Court throws out two suits over Fannie, Freddie dividends

Fannie Mae signage is displayed outside of the company's headquarters in Washington, D.C., U.S., on Tuesday, April 2, 2013. Fannie Mae, the mortgage financier seized by U.S. regulators during the credit crisis, reported the largest annual profit in company history as a housing rebound helped the firm stop drawing federal aid. Photographer: Andrew Harrer/Bloomberg via Getty Images
Fannie Mae signage is displayed outside of the company's headquarters in Washington, D.C., U.S., on Tuesday, April 2, 2013. Fannie Mae, the mortgage financier seized by U.S. regulators during the credit crisis, reported the largest annual profit in company history as a housing rebound helped the firm stop drawing federal aid. Photographer: Andrew Harrer/Bloomberg via Getty Images

A U.S. federal judge on Tuesday threw out two suits from investors in Fannie Mae (FNMA) and Freddie Mac (FMCC) that aimed to stop the transfer of their profits to the U.S. Treasury, in what may set a decisive precedent for over a dozen similar actions.

Judge Royce Lamberth ruled that the government is entitled under the terms of a 2012 amendment to the two mortgage giants’ bail-out deals, to “sweep” the vast majority of their profits into the Treasury.

The suits had been brought by investors including hedge fund Perry Capital LLC and Bruce Berkowitz, the head of Fairholme Capital Management. Fairholme itself has a separate suit currently in the pretrial discovery phase, and Bill Ackman’s Pershing Square Capital Management LP also has a suit pending.
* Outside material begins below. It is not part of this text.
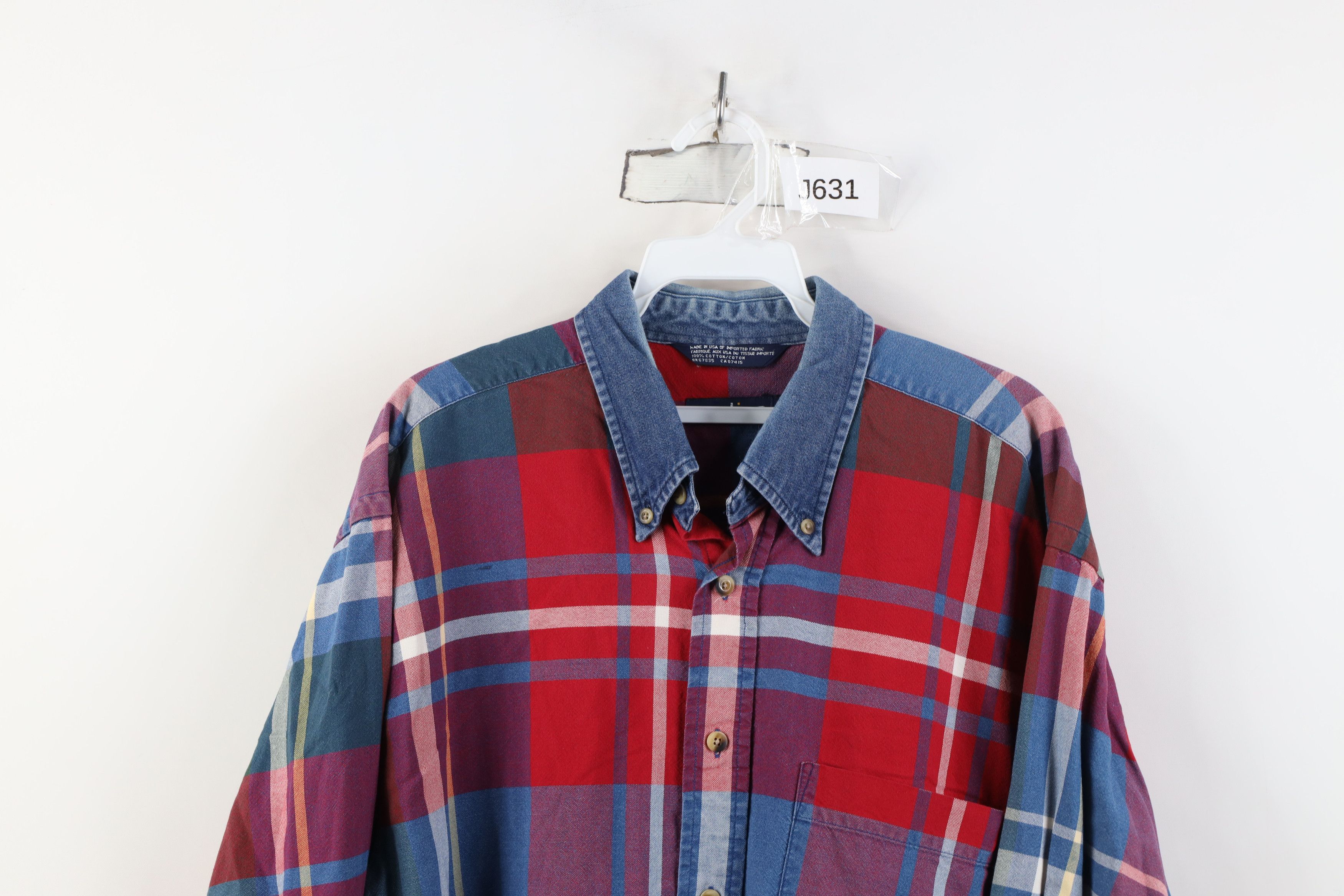 Nautica Vintage 90s Nautica Collar Button Down Shirt Plaid Cotton Size US L / EU 52-54 / 3 - 2 Thumbnail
Fannie Mae and Freddie Mac were taken over by regulators in 2008, as their losses on poor-quality mortgages and related products ate through their capital. They received some $188 billion in support from the government before a revival in the housing market restored them to profitability.

In 2012, the Treasury had tried to ensure it got a proper return on the money it had thrown at the two companies, ordering them to pay it a quarterly dividend amounting to nearly all of their profits.

Judge Lamberth ruled that Congress had given the Federal Housing Finance Agency and the Treasury Department the power to take the companies’ profits as a provision of the Housing and Economic Recovery Act.

That order may ““raise eyebrows, or even engender a feeling of discomfort,” Judge Lamberth ruled, “But any sense of unease over the defendants’ conduct is not enough to overcome the plain meaning” of the law.

The ruling provoked an instant outcry from investors, many of whom have bought Fannie and Freddie stock in anticipation of winning such suits.

Investors Unite, a grouping of nearly 1,000 private investors in the two companies, said it “doubts that Congress ever intended for the conservatorship to lead to nationalization of the GSEs with no compensation for shareholders.”

“We look forward to reviewing what comes out of discovery in the Fairholme trial,” they added.

Fannie and Freddie shares had flatlined near zero for nearly four years before the wave of shareholder lawsuits drove them to rise nearly 15-fold. However, they have given up nearly 40% of their value in the last four months as the suits appeared to lose momentum. Both stocks fell around 7% late Tuesday in the wake of the ruling.